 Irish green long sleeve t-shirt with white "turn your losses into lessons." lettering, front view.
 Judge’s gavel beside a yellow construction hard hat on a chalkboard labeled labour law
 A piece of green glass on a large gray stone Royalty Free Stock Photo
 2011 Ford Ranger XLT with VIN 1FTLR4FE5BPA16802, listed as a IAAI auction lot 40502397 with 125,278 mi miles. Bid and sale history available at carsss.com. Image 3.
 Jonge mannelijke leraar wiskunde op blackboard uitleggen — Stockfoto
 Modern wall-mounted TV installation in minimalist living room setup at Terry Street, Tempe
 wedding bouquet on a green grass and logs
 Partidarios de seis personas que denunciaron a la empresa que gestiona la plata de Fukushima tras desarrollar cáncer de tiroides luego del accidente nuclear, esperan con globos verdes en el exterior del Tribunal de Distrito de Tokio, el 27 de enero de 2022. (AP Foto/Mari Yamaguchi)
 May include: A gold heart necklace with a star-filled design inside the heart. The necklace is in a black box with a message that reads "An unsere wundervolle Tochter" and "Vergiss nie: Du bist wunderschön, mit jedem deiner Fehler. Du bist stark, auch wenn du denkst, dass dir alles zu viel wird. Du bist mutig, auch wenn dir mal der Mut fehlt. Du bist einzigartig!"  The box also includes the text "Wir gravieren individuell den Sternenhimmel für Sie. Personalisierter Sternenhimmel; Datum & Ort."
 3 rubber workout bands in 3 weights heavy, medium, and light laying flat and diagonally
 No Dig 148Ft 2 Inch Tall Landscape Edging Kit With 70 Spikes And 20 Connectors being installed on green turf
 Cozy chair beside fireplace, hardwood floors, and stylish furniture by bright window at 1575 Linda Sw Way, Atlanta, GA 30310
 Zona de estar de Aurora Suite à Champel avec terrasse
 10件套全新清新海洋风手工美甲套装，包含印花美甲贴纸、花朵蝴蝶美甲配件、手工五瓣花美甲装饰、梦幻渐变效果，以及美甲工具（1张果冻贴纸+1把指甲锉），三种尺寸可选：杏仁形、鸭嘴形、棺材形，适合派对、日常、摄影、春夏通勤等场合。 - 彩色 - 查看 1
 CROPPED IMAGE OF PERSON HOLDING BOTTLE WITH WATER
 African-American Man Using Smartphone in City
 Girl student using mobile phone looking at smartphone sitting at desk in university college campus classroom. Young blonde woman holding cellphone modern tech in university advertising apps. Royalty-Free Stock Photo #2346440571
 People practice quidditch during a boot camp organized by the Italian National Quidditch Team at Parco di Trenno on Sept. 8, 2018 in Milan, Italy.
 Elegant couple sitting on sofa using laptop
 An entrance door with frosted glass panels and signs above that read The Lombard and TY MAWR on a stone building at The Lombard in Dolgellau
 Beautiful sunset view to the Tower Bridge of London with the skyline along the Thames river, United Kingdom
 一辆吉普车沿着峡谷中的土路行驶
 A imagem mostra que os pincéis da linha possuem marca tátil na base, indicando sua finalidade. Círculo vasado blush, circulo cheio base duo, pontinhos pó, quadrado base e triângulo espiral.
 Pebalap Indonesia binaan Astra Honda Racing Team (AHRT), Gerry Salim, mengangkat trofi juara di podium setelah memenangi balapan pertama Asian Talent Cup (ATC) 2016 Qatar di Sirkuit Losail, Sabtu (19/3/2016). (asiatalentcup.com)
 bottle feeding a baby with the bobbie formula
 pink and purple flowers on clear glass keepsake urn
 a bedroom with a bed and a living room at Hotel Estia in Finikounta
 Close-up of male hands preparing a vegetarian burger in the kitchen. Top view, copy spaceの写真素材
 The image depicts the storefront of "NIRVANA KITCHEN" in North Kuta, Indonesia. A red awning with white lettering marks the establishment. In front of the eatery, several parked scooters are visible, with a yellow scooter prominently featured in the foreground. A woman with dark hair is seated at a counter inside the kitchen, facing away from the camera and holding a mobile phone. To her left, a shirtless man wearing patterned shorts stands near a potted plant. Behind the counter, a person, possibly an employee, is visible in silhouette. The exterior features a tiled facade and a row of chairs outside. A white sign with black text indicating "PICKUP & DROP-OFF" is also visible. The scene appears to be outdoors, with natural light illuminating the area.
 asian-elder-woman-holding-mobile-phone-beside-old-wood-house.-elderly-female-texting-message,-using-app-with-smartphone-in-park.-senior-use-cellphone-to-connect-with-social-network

### EXERCISE GOAL
Reproduce the lines from the one with "一辆吉普车沿着峡谷中的土路行驶" to the end of the data exactly, leaving out every earlier line.

### WRITTEN SOLUTION
 一辆吉普车沿着峡谷中的土路行驶
 A imagem mostra que os pincéis da linha possuem marca tátil na base, indicando sua finalidade. Círculo vasado blush, circulo cheio base duo, pontinhos pó, quadrado base e triângulo espiral.
 Pebalap Indonesia binaan Astra Honda Racing Team (AHRT), Gerry Salim, mengangkat trofi juara di podium setelah memenangi balapan pertama Asian Talent Cup (ATC) 2016 Qatar di Sirkuit Losail, Sabtu (19/3/2016). (asiatalentcup.com)
 bottle feeding a baby with the bobbie formula
 pink and purple flowers on clear glass keepsake urn
 a bedroom with a bed and a living room at Hotel Estia in Finikounta
 Close-up of male hands preparing a vegetarian burger in the kitchen. Top view, copy spaceの写真素材
 The image depicts the storefront of "NIRVANA KITCHEN" in North Kuta, Indonesia. A red awning with white lettering marks the establishment. In front of the eatery, several parked scooters are visible, with a yellow scooter prominently featured in the foreground. A woman with dark hair is seated at a counter inside the kitchen, facing away from the camera and holding a mobile phone. To her left, a shirtless man wearing patterned shorts stands near a potted plant. Behind the counter, a person, possibly an employee, is visible in silhouette. The exterior features a tiled facade and a row of chairs outside. A white sign with black text indicating "PICKUP & DROP-OFF" is also visible. The scene appears to be outdoors, with natural light illuminating the area.
 asian-elder-woman-holding-mobile-phone-beside-old-wood-house.-elderly-female-texting-message,-using-app-with-smartphone-in-park.-senior-use-cellphone-to-connect-with-social-network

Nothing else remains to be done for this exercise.